Immer wieder kreisen die Gedichte um Alltagssituationen der Stadt. So auch eines der Lyrikerin XI Xi (1937–2022): „Ich lebe so nah am Flughafen, dass die vorüberziehenden Flugzeuge/ immer über meinem Kopf im Himmel zu hängen scheinen./ Sie fliegen so tief/ sie könnten die Antennen von den Dächern rasieren./ Manchmal frage ich mich:/ Werde ich plötzlich den Flügel eines Flugzeugs/ durch mein Fenster ragen sehen.“ 1937 in Shanghai geborenen, war die Dichterin 1950 nach Hongkong gezogen. Im Film ist noch einmal zu sehen, wie sie ihre Werke rezitiert.

Die Filmreihe

Chinese Feeling Elsewhere – Tracing Diasporic Footprints in a Hypermobile World. Sinema Transtopia, bis 21. 4., Lindower str. 20/22, Haus C; Screenings Fr. 19. 4./Sa. 20. 4./So. 21. 4., je 20 Uhr

„Elegies“ wird am Sonntag eine von von WANG Zifei und HE Lin zusammengestellte Filmreihe im Sinema Transtopia abschließen, die sich chinesischen Diasporas und ihren Bezügen auf ihre Herkunftsregion widmet. „Chinese Feeling Elsewhere – Tracing Diasporic Footprints in a Hypermobile World durchstreift Perspektiven auf China und Hongkong von Filmemacher_innen, die sich innerhalb und außerhalb der Volksrepublik, Taiwans und Hongkongs verorten.

Begonnen hat die Reihe letzten Freitag mit einem von Naomi KAWASE und JIA Zhangke produzierten Film über Nachkommen von Bäuerinnen, die Japan während des Faschismus und der Besetzung von Teilen Chinas in den Nordosten entsandt hat. In SONG Peng Feis „Tracing Her Shadow“ reist Hatsumis Großmutter auf der Suche nach ihrer Adoptivtochter nach Japan. Gemeinsam mit ihrer Enkelin und einem pensionierten Polizisten, den Hatsumi aus einer Bar, in der sie arbeitet, kennt, macht sich die Großmutter auf die Suche.
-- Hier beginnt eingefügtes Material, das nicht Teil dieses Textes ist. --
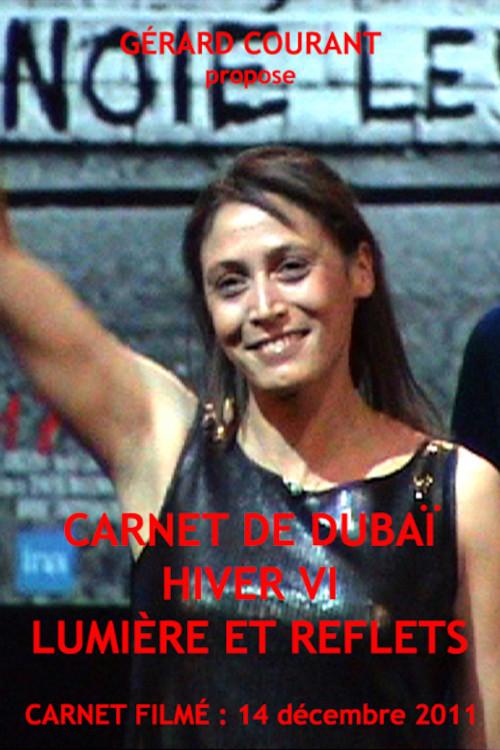 Dubai Winter Diary VI: Light and Reflections 2012 official movie poster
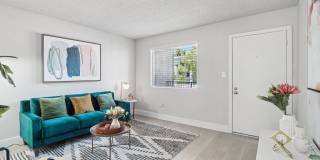 Ardella on 28 Gallery 5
„Tracing Her Shadow“ ist ein überraschend humorvoller Film über die komplexe Geschichte japanischer Besiedlungspläne, der Adoption von japanischen Waisenkindern in China nach dem Krieg und den japanischen Rückführungsbemühungen nach der Aufnahme diplomatischer Beziehungen zwischen Japan und der Volksrepublik 1972.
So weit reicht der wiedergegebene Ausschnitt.